**How to complete this task:** Everything in the entries except the pictures must be duplicated exactly.

**Data supplied:**
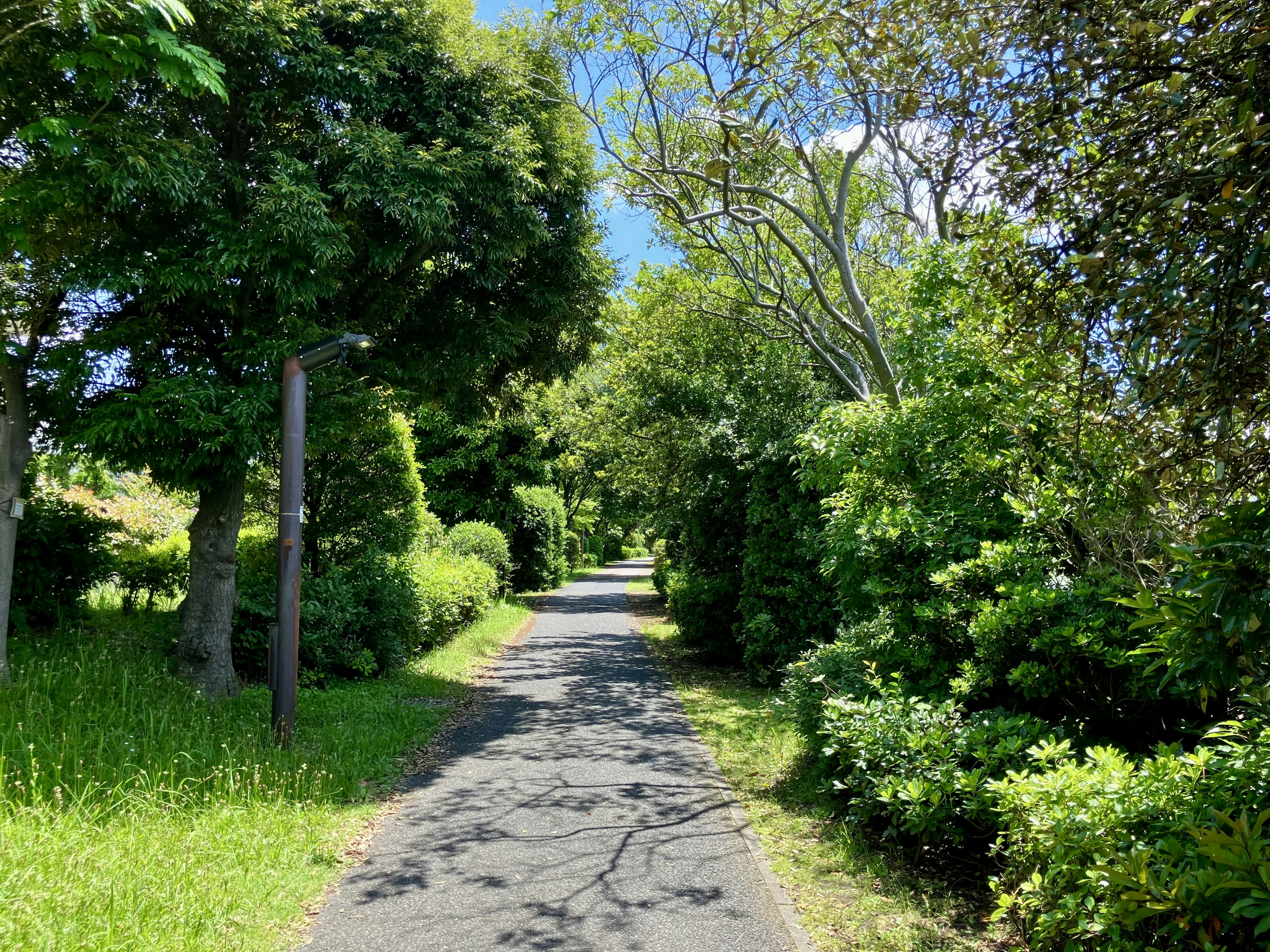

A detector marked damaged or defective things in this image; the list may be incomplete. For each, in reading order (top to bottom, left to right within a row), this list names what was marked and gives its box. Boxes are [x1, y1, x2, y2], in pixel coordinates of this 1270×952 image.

rusty brown pole [273, 355, 307, 751]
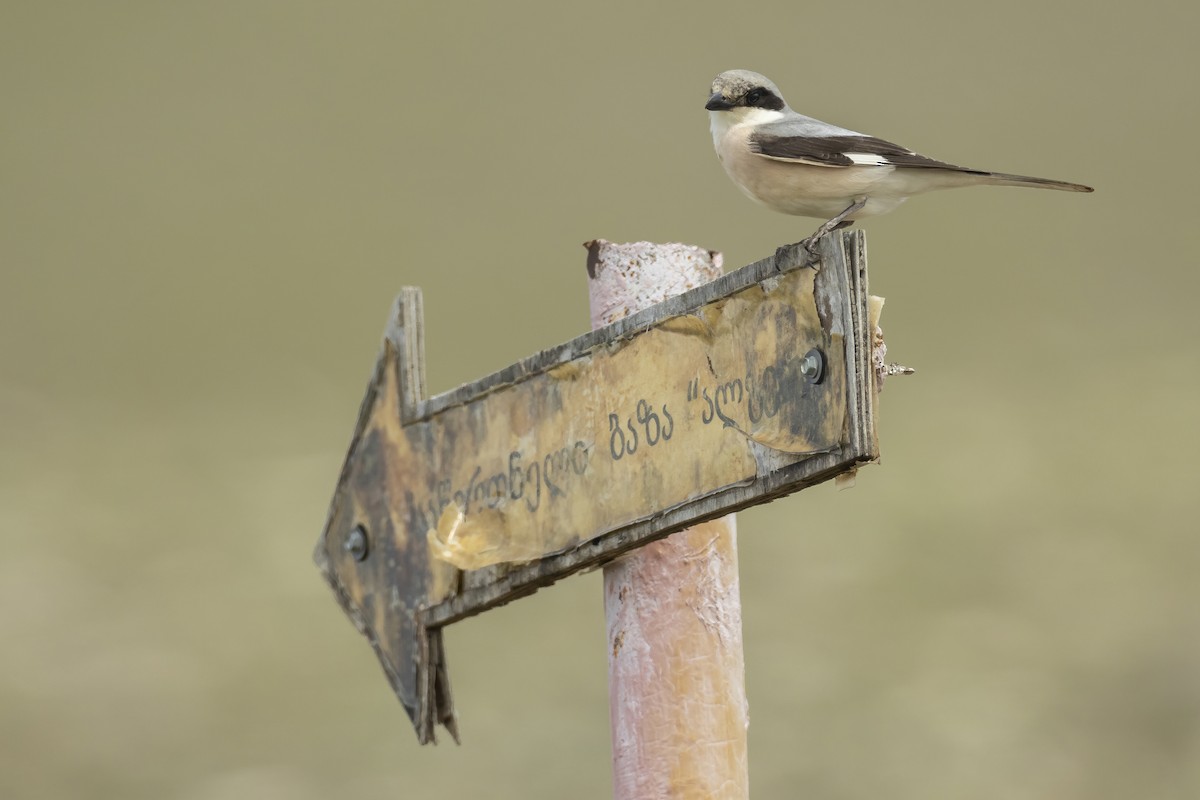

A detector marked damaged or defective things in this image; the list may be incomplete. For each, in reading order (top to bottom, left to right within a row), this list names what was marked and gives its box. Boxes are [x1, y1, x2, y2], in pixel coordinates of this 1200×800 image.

rusted pole [585, 241, 744, 800]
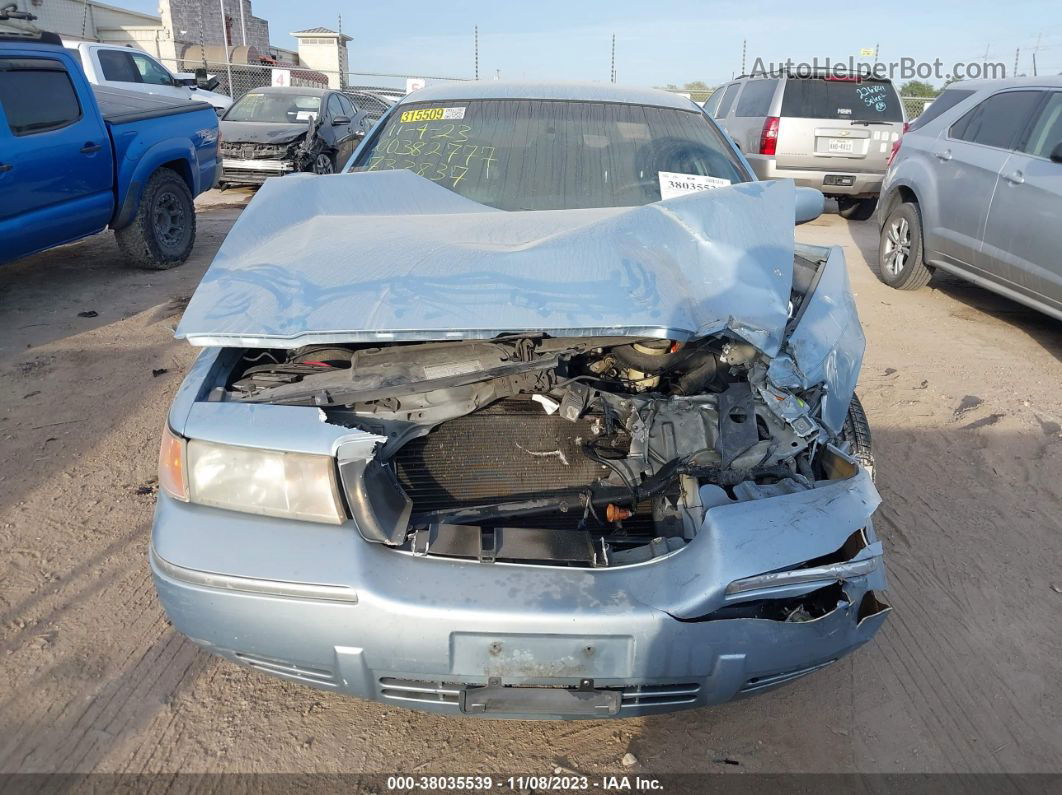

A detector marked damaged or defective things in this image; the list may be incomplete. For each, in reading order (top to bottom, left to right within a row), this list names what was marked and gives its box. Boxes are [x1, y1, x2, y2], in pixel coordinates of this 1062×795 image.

crushed hood [220, 121, 310, 146]
severely damaged car [218, 86, 372, 186]
crushed hood [177, 173, 800, 356]
severely damaged car [154, 82, 888, 720]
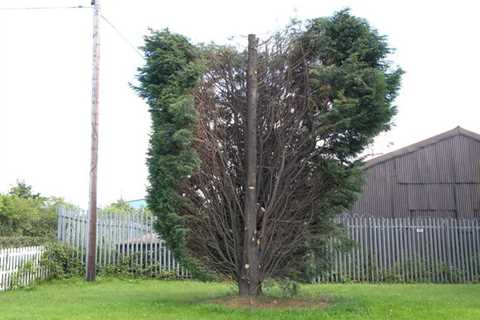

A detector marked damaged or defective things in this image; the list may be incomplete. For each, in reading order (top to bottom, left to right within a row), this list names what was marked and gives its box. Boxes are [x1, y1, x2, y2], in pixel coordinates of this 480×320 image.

rusty metal siding [352, 133, 480, 220]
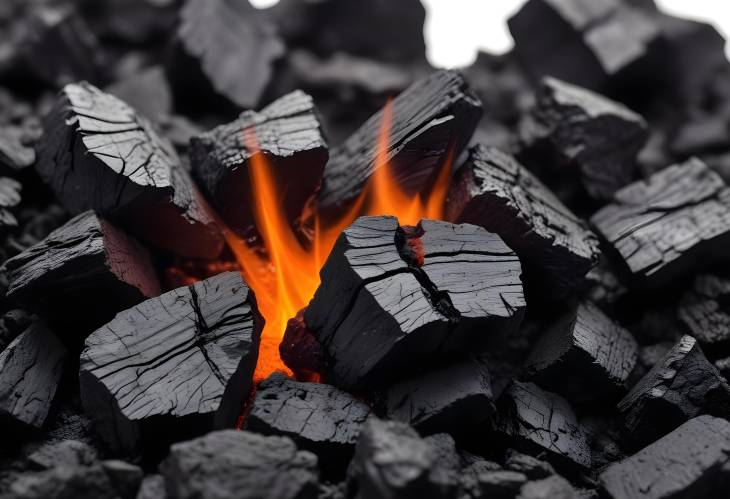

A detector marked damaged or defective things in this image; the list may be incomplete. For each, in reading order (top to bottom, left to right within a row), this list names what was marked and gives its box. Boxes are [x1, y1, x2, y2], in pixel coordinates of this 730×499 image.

charred wood texture [0, 322, 66, 428]
charred wood texture [2, 211, 159, 332]
charred wood texture [36, 81, 222, 258]
charred wood texture [79, 272, 262, 456]
charred wood texture [161, 430, 318, 499]
charred wood texture [189, 91, 326, 238]
charred wood texture [318, 71, 478, 216]
charred wood texture [302, 217, 524, 392]
charred wood texture [450, 146, 596, 298]
charred wood texture [520, 302, 636, 404]
charred wood texture [516, 76, 644, 199]
charred wood texture [592, 158, 730, 288]
charred wood texture [596, 416, 728, 499]
charred wood texture [616, 336, 728, 450]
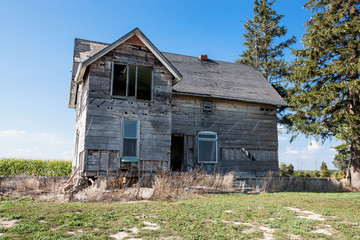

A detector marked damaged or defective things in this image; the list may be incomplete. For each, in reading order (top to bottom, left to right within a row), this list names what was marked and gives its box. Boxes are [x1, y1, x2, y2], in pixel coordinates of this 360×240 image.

broken window [112, 62, 153, 100]
broken window [121, 119, 137, 158]
broken window [198, 131, 218, 163]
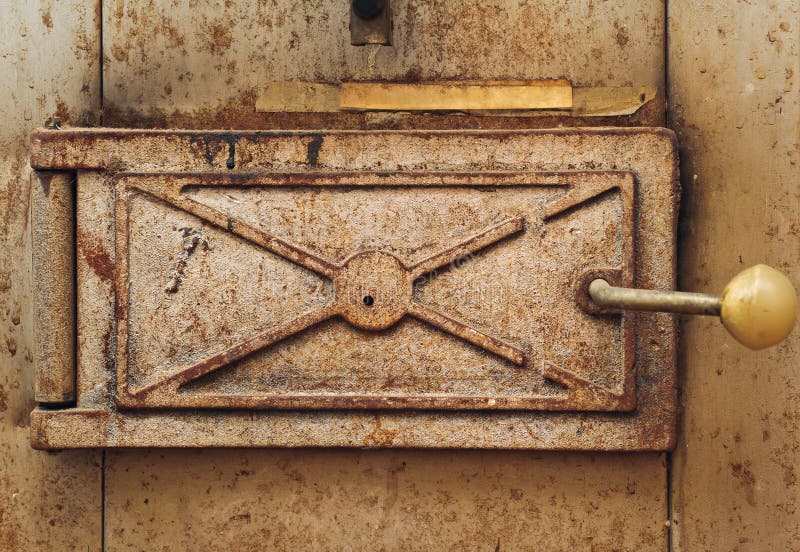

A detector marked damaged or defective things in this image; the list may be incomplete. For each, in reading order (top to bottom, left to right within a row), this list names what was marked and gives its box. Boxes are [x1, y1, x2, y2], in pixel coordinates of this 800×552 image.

corroded surface [28, 128, 676, 448]
rusty cast iron door [28, 128, 680, 448]
corroded surface [668, 2, 800, 548]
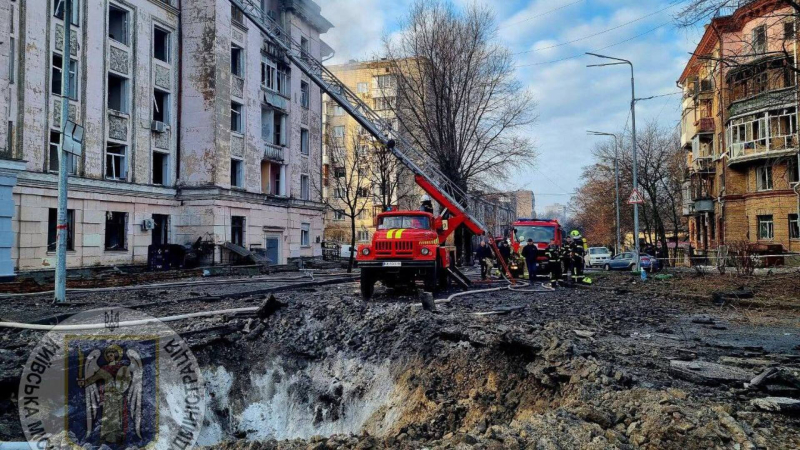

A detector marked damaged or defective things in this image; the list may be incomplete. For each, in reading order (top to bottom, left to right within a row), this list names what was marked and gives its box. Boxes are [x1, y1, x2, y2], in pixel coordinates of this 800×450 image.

broken window [53, 0, 79, 26]
broken window [108, 3, 129, 45]
broken window [155, 26, 172, 63]
broken window [51, 53, 77, 99]
broken window [108, 73, 128, 112]
broken window [152, 89, 169, 123]
broken window [49, 130, 76, 174]
broken window [108, 143, 128, 180]
broken window [155, 151, 171, 185]
damaged building [0, 0, 332, 274]
broken window [47, 208, 74, 251]
broken window [104, 210, 127, 250]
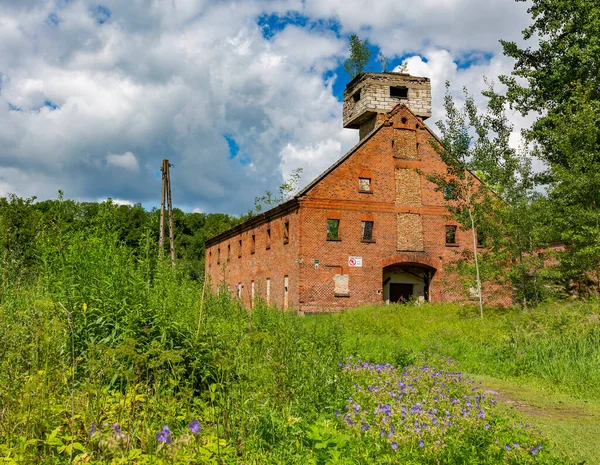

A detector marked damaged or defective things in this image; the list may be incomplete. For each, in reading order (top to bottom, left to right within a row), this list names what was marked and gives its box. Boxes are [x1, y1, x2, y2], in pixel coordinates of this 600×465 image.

broken window [360, 220, 376, 241]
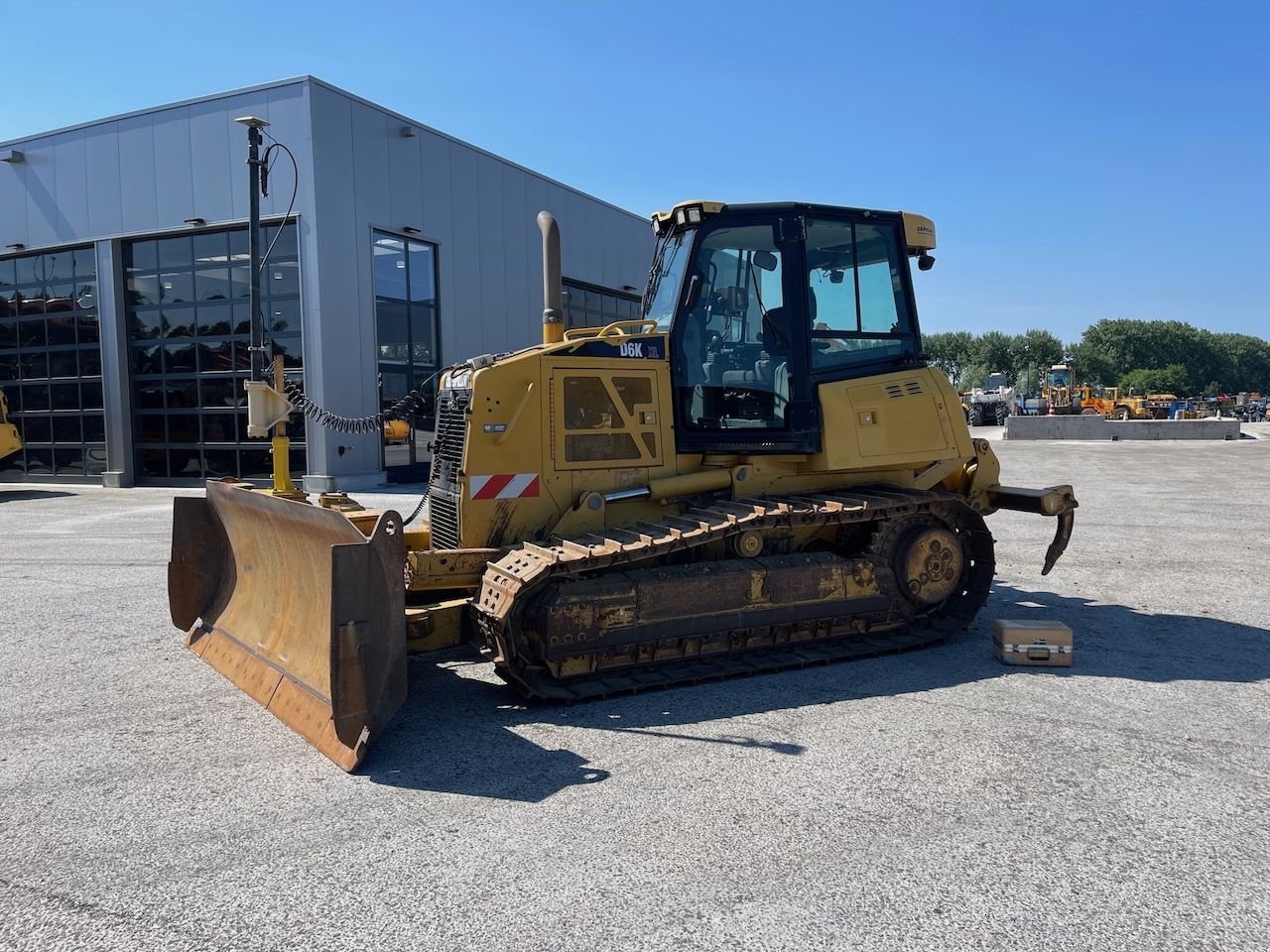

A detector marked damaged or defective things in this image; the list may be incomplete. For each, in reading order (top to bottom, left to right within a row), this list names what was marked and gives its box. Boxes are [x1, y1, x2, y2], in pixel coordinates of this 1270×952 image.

rusty blade surface [169, 484, 406, 776]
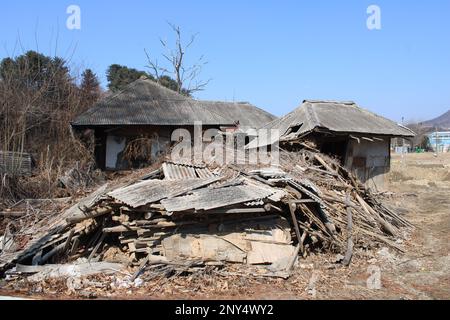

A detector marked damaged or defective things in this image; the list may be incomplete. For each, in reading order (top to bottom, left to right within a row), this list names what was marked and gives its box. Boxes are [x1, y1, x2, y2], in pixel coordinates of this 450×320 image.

rusty metal sheet [163, 162, 215, 180]
rusty metal sheet [109, 176, 221, 209]
rusty metal sheet [160, 182, 276, 212]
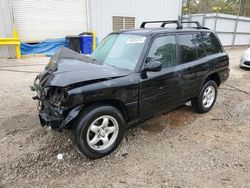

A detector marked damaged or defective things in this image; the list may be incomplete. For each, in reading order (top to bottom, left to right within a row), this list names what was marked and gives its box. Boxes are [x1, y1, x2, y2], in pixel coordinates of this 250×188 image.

crumpled hood [39, 47, 131, 87]
broken headlight [47, 87, 68, 106]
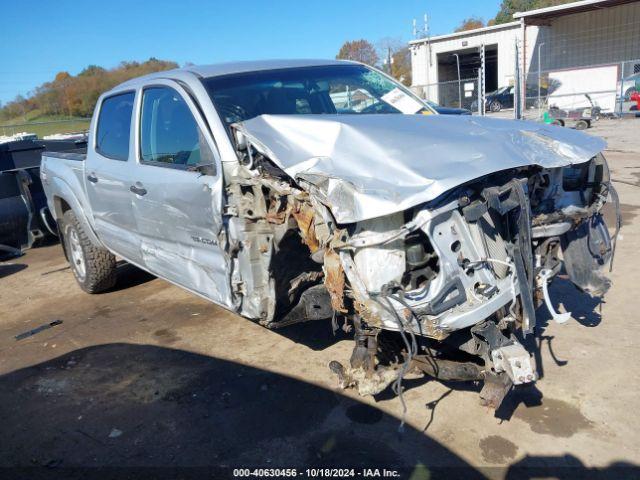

**Finished task:**
A detector marked damaged or defective things in this image; the list may be incomplete. For each, in reading order (top to bottom, left to right within a row), this list names what was marked and gives its box. Boxes are [x1, y1, x2, y2], in pixel coordinates of this 1270×952 image.

rusty brown pole [273, 355, 307, 751]

A detector marked damaged or defective things in this image; the list may be incomplete. For each, in reading order (top to bottom, left to right within a row), this list names what was marked and gives its box. Boxes are [x1, y1, x2, y2], in pixel coordinates of this 1200×800 image.

rusted pole [585, 241, 744, 800]

A detector marked damaged or defective things in this image; the list may be incomplete. For each, in reading order (top to bottom, left to right within a row), this list names what was marked and gives its box. Boxes are [x1, y1, x2, y2], in pixel coordinates of this 1062×795 image.

crushed hood [220, 121, 310, 146]
severely damaged car [218, 86, 372, 186]
crushed hood [177, 173, 800, 356]
severely damaged car [154, 82, 888, 720]

A detector marked damaged or defective things in this image; the list may be incomplete. For each, in reading order (top to bottom, left to right within a row), this list names what was marked and gives its box. Boxes are [x1, y1, x2, y2], in pixel coordinates of this 480×320 image.

rusty metal siding [352, 133, 480, 220]

A detector marked damaged or defective things in this image; the list may be incomplete. For each, in reading order (top to bottom, left to right within a row), this list names what was marked and gives its box. Boxes are [x1, y1, x2, y2], in pixel coordinates of this 730×499 image.

charred wood texture [0, 322, 66, 428]
charred wood texture [2, 211, 159, 332]
charred wood texture [36, 81, 222, 258]
charred wood texture [79, 272, 262, 456]
charred wood texture [161, 430, 318, 499]
charred wood texture [189, 91, 326, 238]
charred wood texture [318, 71, 478, 216]
charred wood texture [302, 217, 524, 392]
charred wood texture [450, 146, 596, 298]
charred wood texture [520, 302, 636, 404]
charred wood texture [516, 76, 644, 199]
charred wood texture [592, 158, 730, 288]
charred wood texture [596, 416, 728, 499]
charred wood texture [616, 336, 728, 450]

A detector marked damaged or defective things in this image; the list may be incomplete. For each, in reading order (top to bottom, left to right within a row), this list names what was marked and gives its box. Boxes are [x1, y1, x2, y2], in pixel coordinates of this 360×240 image.

broken window [112, 62, 153, 100]
broken window [121, 119, 137, 158]
broken window [198, 131, 218, 163]

A detector marked damaged or defective things in this image; the list may be incomplete. For each, in reading order (top to bottom, left to right within a row), this list names what was marked and gives its box. Boxes are [x1, y1, x2, y2], in pixel coordinates of this 800×552 image.

corroded surface [28, 128, 676, 448]
rusty cast iron door [28, 128, 680, 448]
corroded surface [668, 2, 800, 548]

A detector marked damaged or defective things in this image; the list may be incomplete. For each, in reading order (top to bottom, left to right within a row), this list names what was marked and gives its box. Boxes are [x1, y1, x2, y2], in pixel coordinates of this 800×450 image.

broken window [53, 0, 79, 26]
broken window [108, 3, 129, 45]
broken window [155, 26, 172, 63]
broken window [51, 53, 77, 99]
broken window [108, 73, 128, 112]
broken window [152, 89, 169, 123]
broken window [49, 130, 76, 174]
broken window [108, 143, 128, 180]
broken window [155, 151, 171, 185]
damaged building [0, 0, 332, 274]
broken window [47, 208, 74, 251]
broken window [104, 210, 127, 250]

A detector marked damaged or defective things in this image; the list may be incomplete. For each, in reading order (top to bottom, left to right within a row), this list names what was marked and gives its box. Boxes are [x1, y1, x2, y2], in pixel coordinates of this 600×465 image.

broken window [360, 220, 376, 241]

A detector marked damaged or defective things in this image; the list may be incomplete. For each, in reading order (top to bottom, left to right within a row), this list names what was marked and gives its box. Boxes are [x1, y1, x2, y2], in pixel coordinates of this 1270×952 image.

rusty blade surface [169, 484, 406, 776]

A detector marked damaged or defective things in this image; the list may be incomplete. For each, in reading order (top to bottom, left to right within a row), this list names what was marked and gives its box. Boxes are [x1, y1, x2, y2], in pixel coordinates of this 450×320 image.

rusty metal sheet [163, 162, 215, 180]
rusty metal sheet [109, 176, 221, 209]
rusty metal sheet [160, 182, 276, 212]

A detector marked damaged or defective things in this image; the list may be incomplete. For each, in reading order (top to bottom, left to right within a row), this list names what was marked and gives its box. Boxes are [x1, y1, x2, y2], in pixel coordinates of this 250×188 image.

crumpled hood [39, 47, 131, 87]
broken headlight [47, 87, 68, 106]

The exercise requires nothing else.